What to work on:
Your output should consist solely of the lines from the one with "Croft&Barrow Sz 7" through the end of the records, reproduced exactly, both ends included.

Available data:
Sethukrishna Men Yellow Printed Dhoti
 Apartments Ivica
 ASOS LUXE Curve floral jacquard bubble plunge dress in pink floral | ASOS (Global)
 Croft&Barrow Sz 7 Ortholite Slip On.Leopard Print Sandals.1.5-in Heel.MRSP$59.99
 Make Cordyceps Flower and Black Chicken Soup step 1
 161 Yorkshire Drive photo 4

Problem solution:
 Croft&Barrow Sz 7 Ortholite Slip On.Leopard Print Sandals.1.5-in Heel.MRSP$59.99
 Make Cordyceps Flower and Black Chicken Soup step 1
 161 Yorkshire Drive photo 4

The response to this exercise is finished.